Dans nos projections à trois, six et neuf ans, nous affirmons catégoriquement qu’aucun site de STMicroelectronics ne sera fermé, qu’il s’agisse de sites industriels, technologiques ou de recherche et développement. Nous accordons une importance capitale aux compétences et aux écosystèmes. Cependant, il est nécessaire d’adapter des lignes de fabrication, voire des parties d’usines, et de les faire évoluer. C’est pourquoi il est crucial de conserver des marges de manœuvre d’expansion sur nos sites, pour pouvoir développer de nouvelles activités en remplacement de celles qui deviennent obsolètes.

Ce processus n’est pas nouveau. Nous l’avons déjà mis en œuvre sur le site de Rousset en Provence dans les années 2000, dont j’ai moi-même été directeur de fabrication. Nous avons dû fermer complètement l’unité de fabrication en 150 mm pour construire une usine en 200 mm, permettant ainsi au site de pérenniser son activité. Aujourd’hui, en 2024, ce site est l’un des plus performants.

L’acquisition de l’ancien site d’Atmel, adjacent à notre site d’Aix-en-Provence, n’est pas motivée par une volonté d’expansion territoriale, mais par le besoin de nous donner des marges de manœuvre pour de futures expansions ou constructions. Nous avons adopté une approche similaire, bien que plus complexe, sur le site de Tours, et nous cherchons également à créer ces marges de manœuvre sur le site d’Agrate en Italie, malgré les défis que cela représente.

Notre objectif actuel est de redéfinir et d’optimiser notre empreinte industrielle au sein de nos sites afin de les préparer à l’horizon 2028-2030 et au-delà. Nous visons à être en mesure de produire les produits adéquats avec le niveau de performance requis. Concrètement, cela implique l’arrêt de certaines lignes de fabrication, le transfert d’autres vers des zones de regroupement pour gagner en efficacité, et potentiellement la redéfinition de la mission d’un ou deux sites. Ces décisions sont motivées par le constat que certaines missions ne seront plus viables dans les trois à neuf prochaines années.

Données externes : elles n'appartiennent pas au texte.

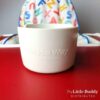 A little buddy high chair with a cup on it.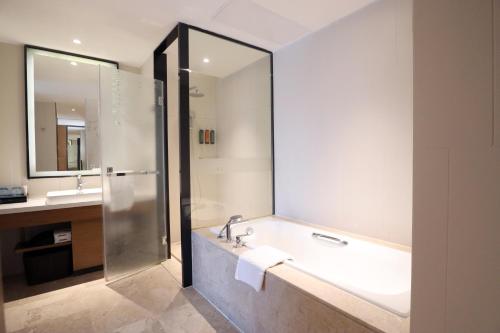 a bathroom with a bath tub and a sink at Hampton by Hilton Guangzhou Zhujiang New Town - Free Shuttle Bus to Canton Fair in Guangzhou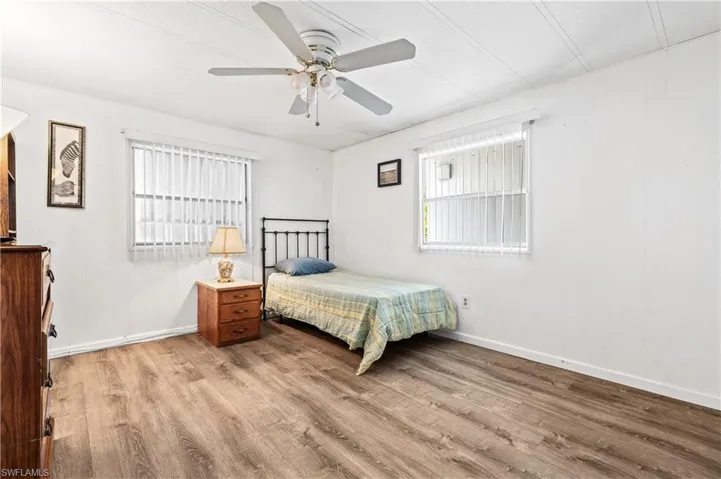 Bedroom featuring a ceiling fan and light wood-type flooring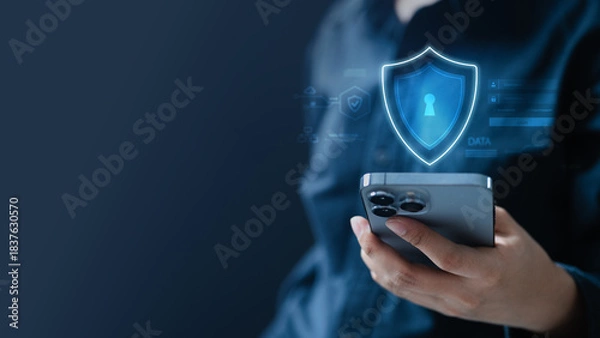 Fototapeta A digital privacy and security concept showing a glowing shield hologram above a smartphone, representing data protection, encryption, secure communication.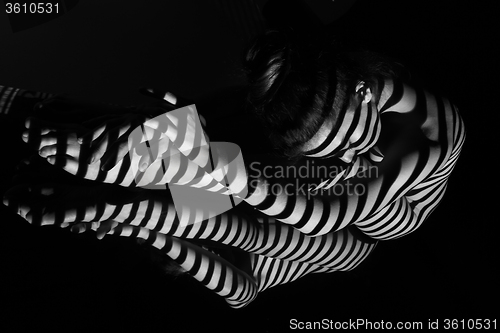 Image of The nude woman with black and white zebra stripes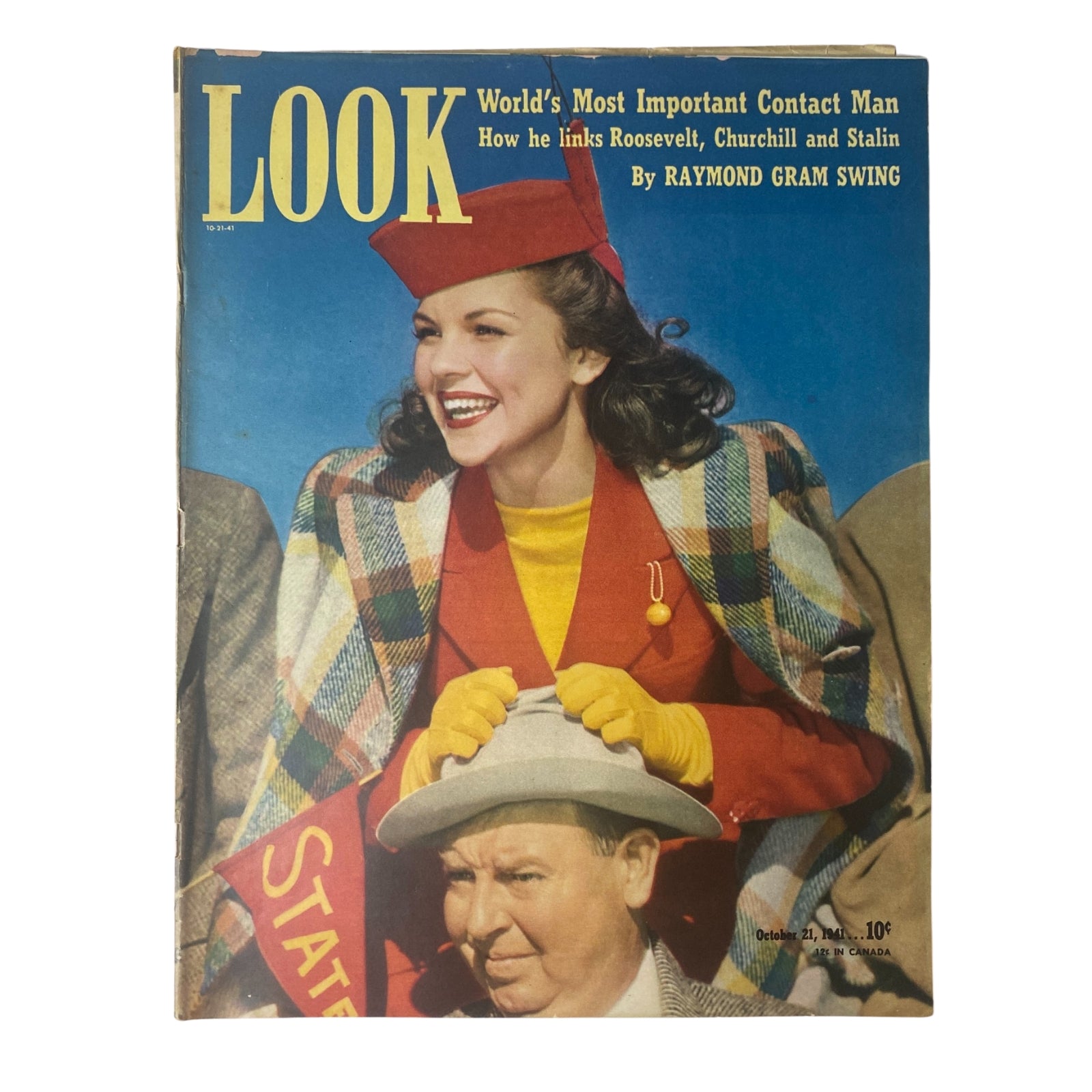 Look Magazine cover from October 21, 1941, featuring a spirited photograph of a woman in vibrant clothing and a red hat joyfully smiling, representing the article 'World's Most Important Contact Man' by Raymond Gram Swing.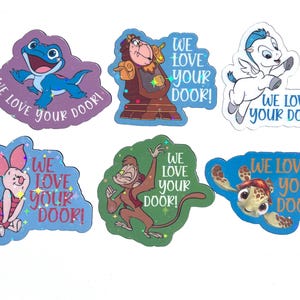 May include: A set of six colorful stickers featuring animated characters including a blue lizard, a clock, a white winged horse, a pink pig, a brown monkey, and a sea turtle. Each sticker includes the text WE LOVE YOUR DOOR in blue or white.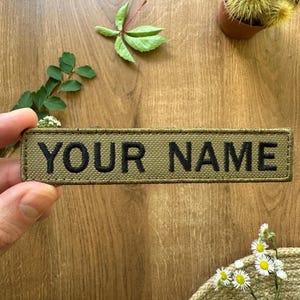 Può includere: Una toppa rettangolare verde oliva con la scritta "YOUR NAME" ricamata in nero. La toppa è tenuta in mano su uno sfondo di legno, con rametti di verde e piccoli fiori bianchi.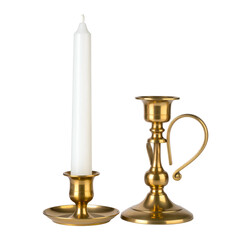 Brass candleholders with a white candle on black background.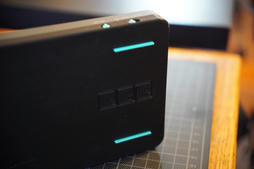the base standing on edge, showing the teal rubber strips and the three square debug access ports in its side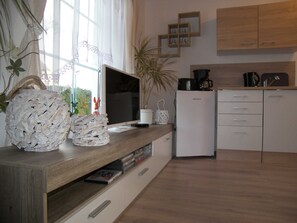 A modern kitchen with a wooden countertop, a white refrigerator, and a coffee maker. - Bungalow Vincent, with terrace, barbecue & WLAN - Bungalow with garden, terrace and (Zempin)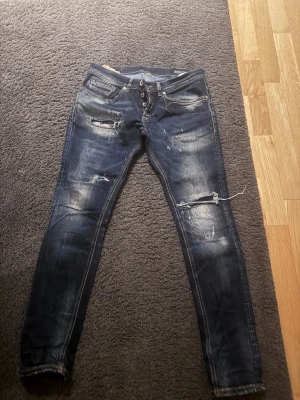 Dondup jeans -mörkblå distressed - Säljer ett par mörkblå dondup jeans med slitna detaljer  på benen. Jeansen har klassisk femficksdesign, knäppning med knappar och ljusa tvättade partier för en cool look.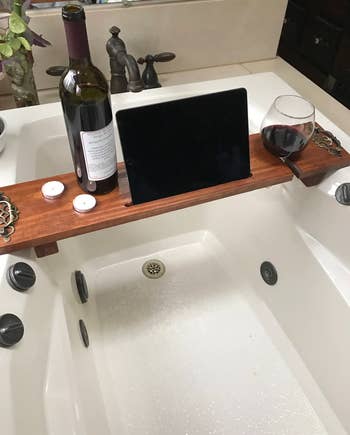 the same wooden tray placed over the bath tub, while holding wine, candles, and an iPad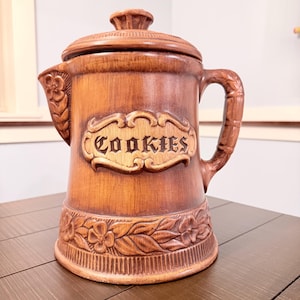 May include: Brown ceramic cookie jar with a lid and handle. The jar features the word "Cookies" in a decorative plaque. Floral and leaf patterns are carved around the base. The jar is on a wooden surface.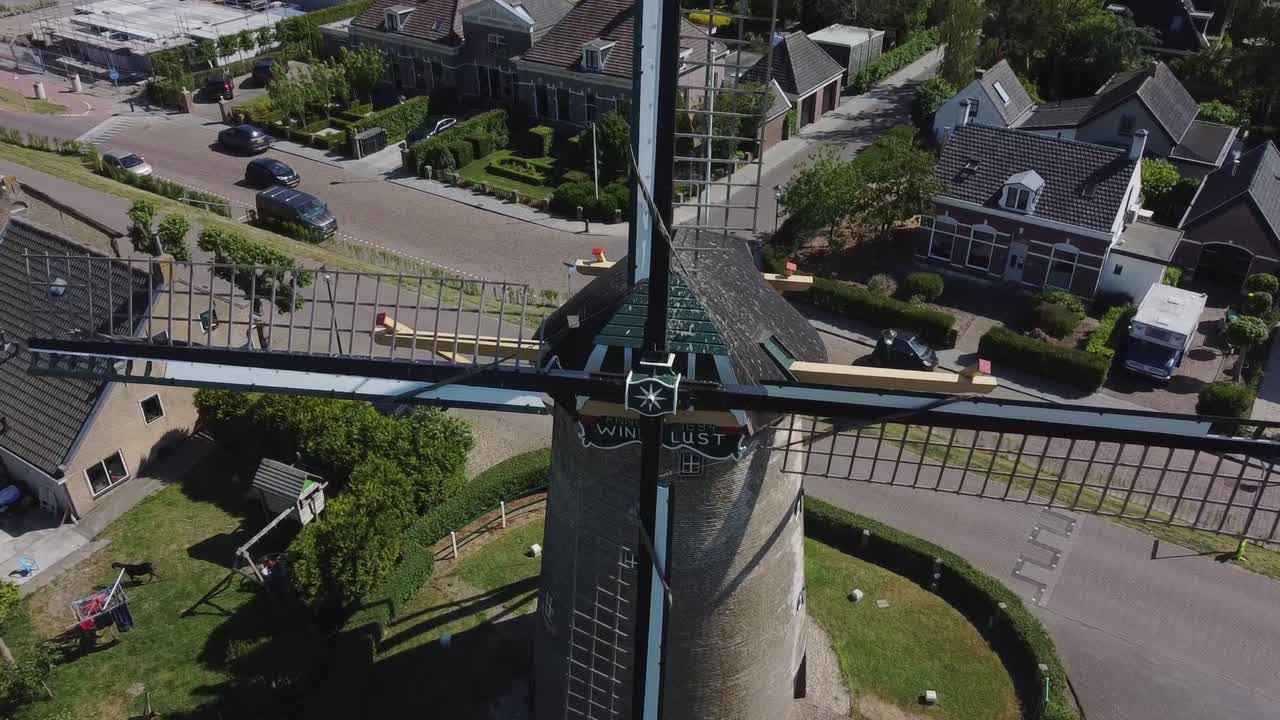 Drone flies to one of the blades of a Dutch windmill.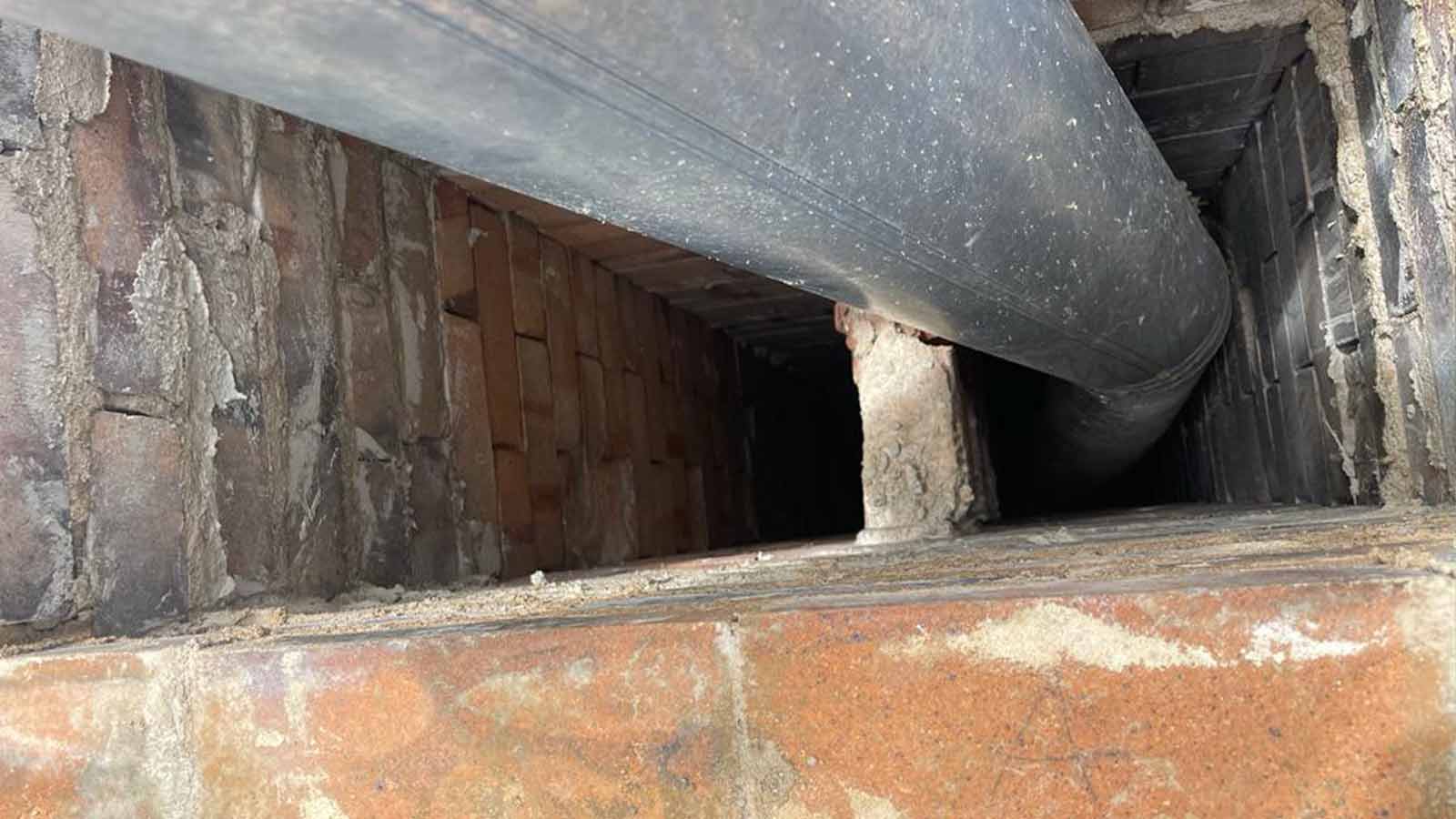 Adam Chimney Sweep technician cleaning a Denver chimney flue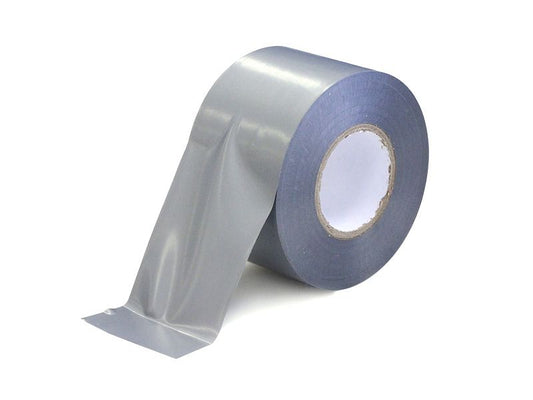 A roll of grey duct tape partially unrolled on a white background, featuring a smooth, semi-gloss finish and a plain white inner core.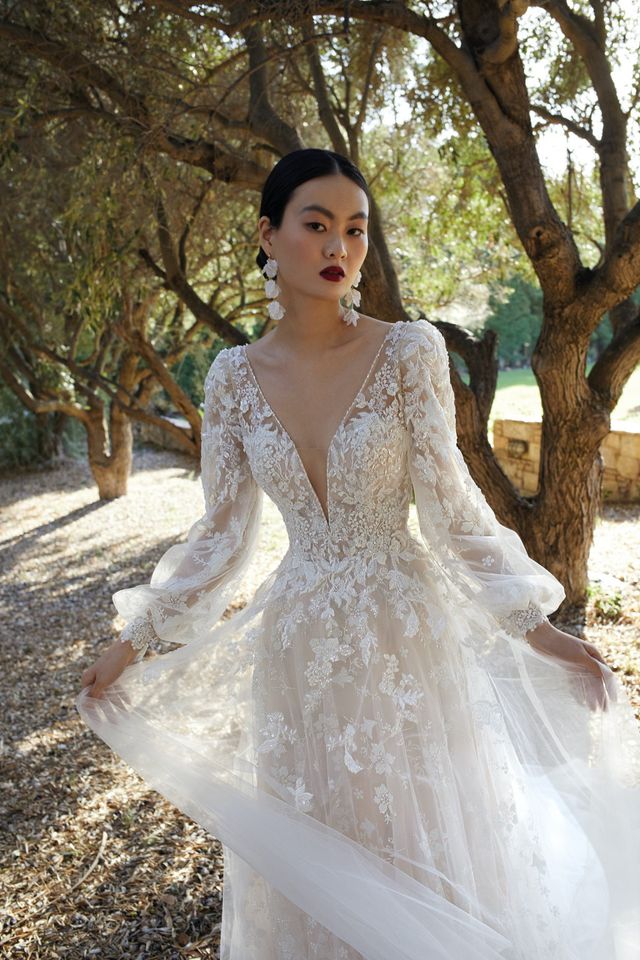 Braut in einem langärmligen Brautkleid in der Farbe Blush welches bestickt ist mit Glitzernden Blumen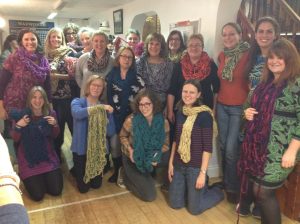 showing our arm knitted scarfs.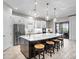Spacious kitchen with large island, stainless steel appliances, designer pendant lighting and wood-look tile floors at 4704 Sarca Ct, Lakewood Ranch, FL 34211
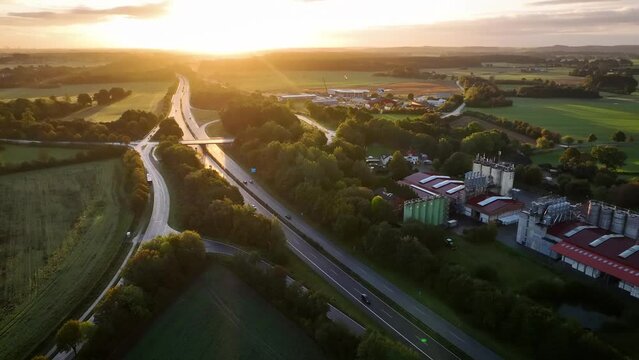 Aerial footage in the morning hours traffic flow over a bustling highway with interchange. Transportation hub near manufacturing facility for natural fiber industry, industrial zone and country side. 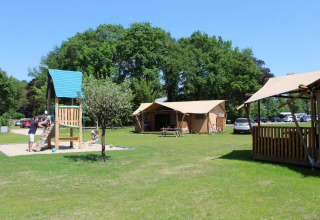Familias jugando junto a tiendas safari y parque infantil en Camping Sevink Molen, Países Bajos, día soleado.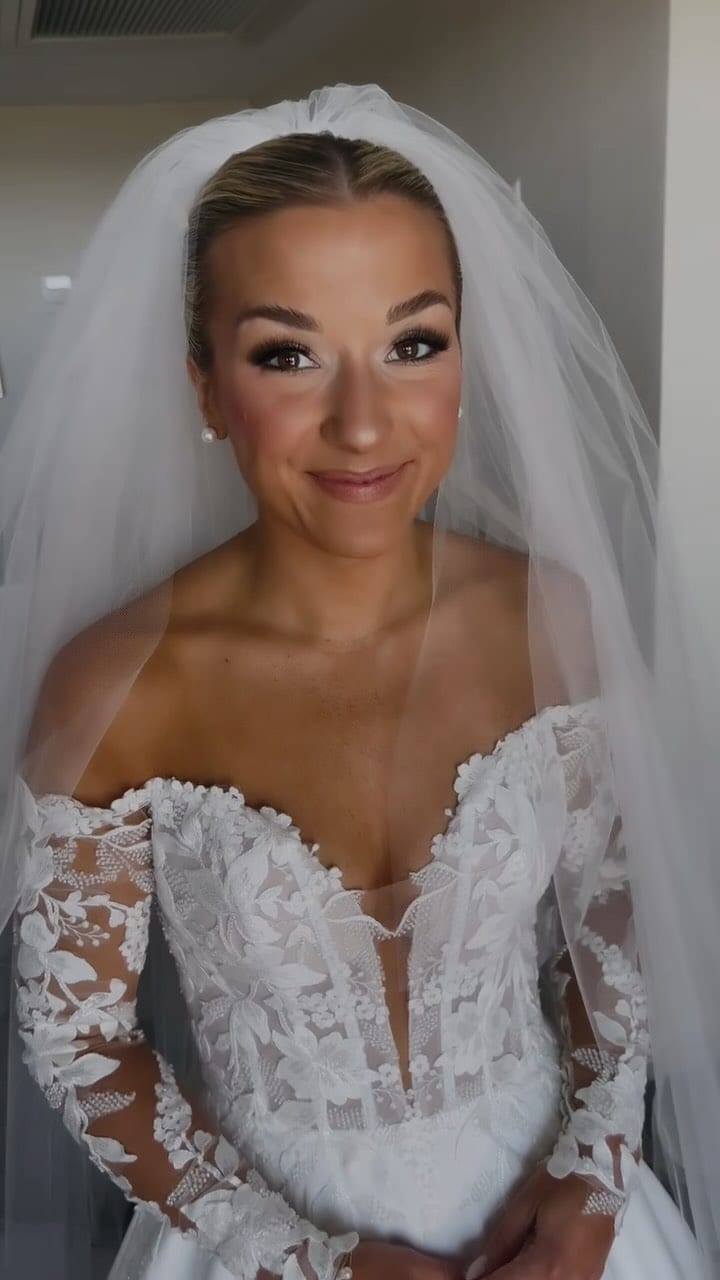 Bride in a white lace wedding dress and veil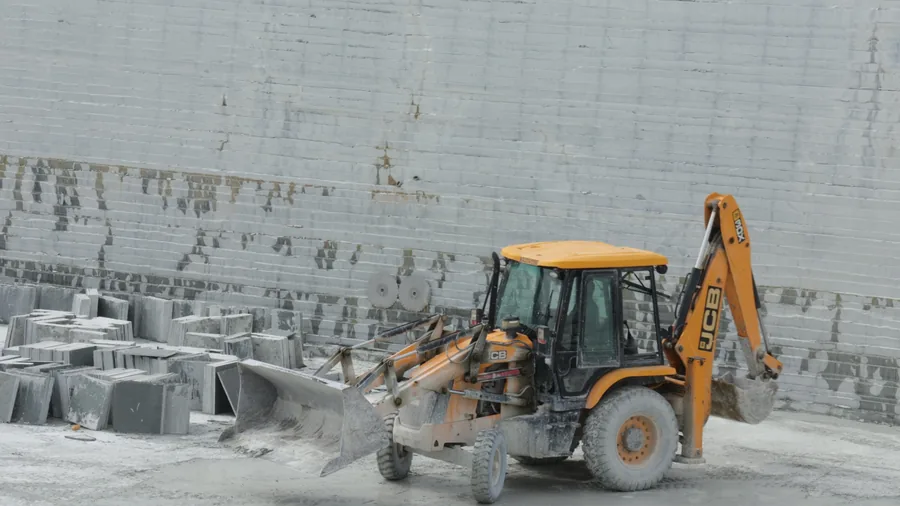 A loader working at the benched limestone face inside the quarry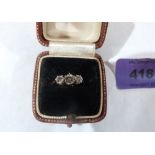 A three stone diamond ring. In gold marked 18ct. Size N. 2.2g gross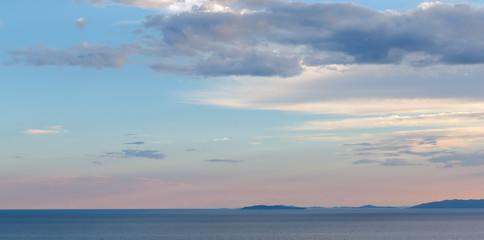 sunset over the sea, hills on the horizon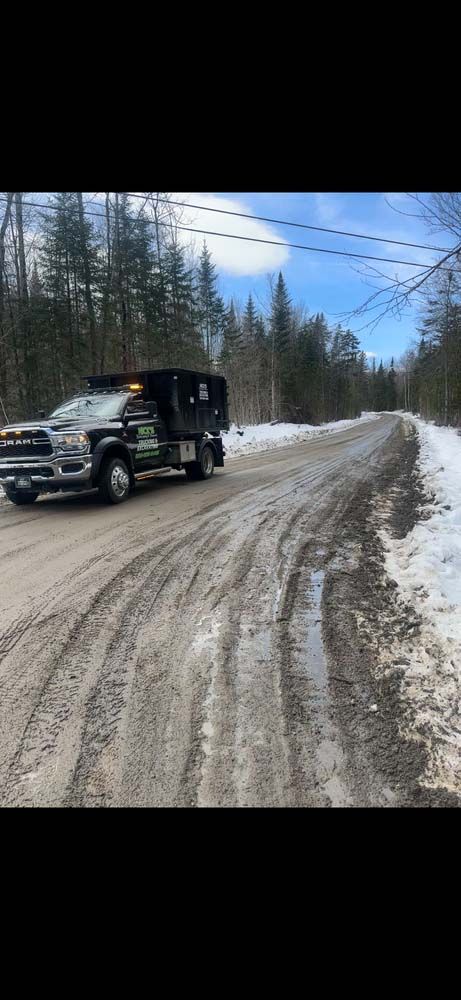A dump truck is driving down a snowy road.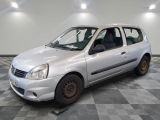a picture of a small white car parked on a checkered floor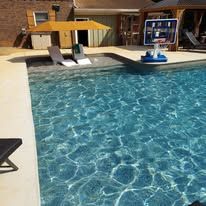 Pool with clear water, lounge chairs, and a basketball hoop. Sunny outdoor setting.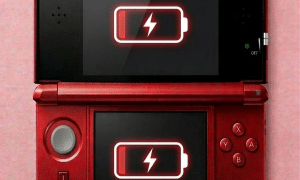 A premium high-capacity replacement lithium-ion battery for a Nintendo 3DS XL, shown on a solid light pink background for Atlantis UK-wide console repair services.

Nous aurions pu choisir l’inaction, parfois présentée comme la meilleure solution pour résoudre nos problèmes d’empreinte industrielle. Cependant, cette approche ne serait pas viable à moyen et long terme. C’est pourquoi nous nous sommes engagés dans ce plan de refonte de nos missions et de notre empreinte industrielle.

Nos engagements sont clairs : nous excluons toute fermeture de site, qu’il soit industriel ou technologique. Cette décision est motivée par l’importance que nous accordons aux compétences et à l’écosystème existant. De plus, nous nous appuyons sur le volontariat, approche que nous avons déjà mise en œuvre avec succès entre 2010 et 2014, lorsque nous avons dû nous adapter à l’effondrement de notre client majeur Nokia et nous retirer du marché des smartphones puis des téléphones numériques. Cette approche managériale, associée à une réponse sociale adaptée, nous semble appropriée.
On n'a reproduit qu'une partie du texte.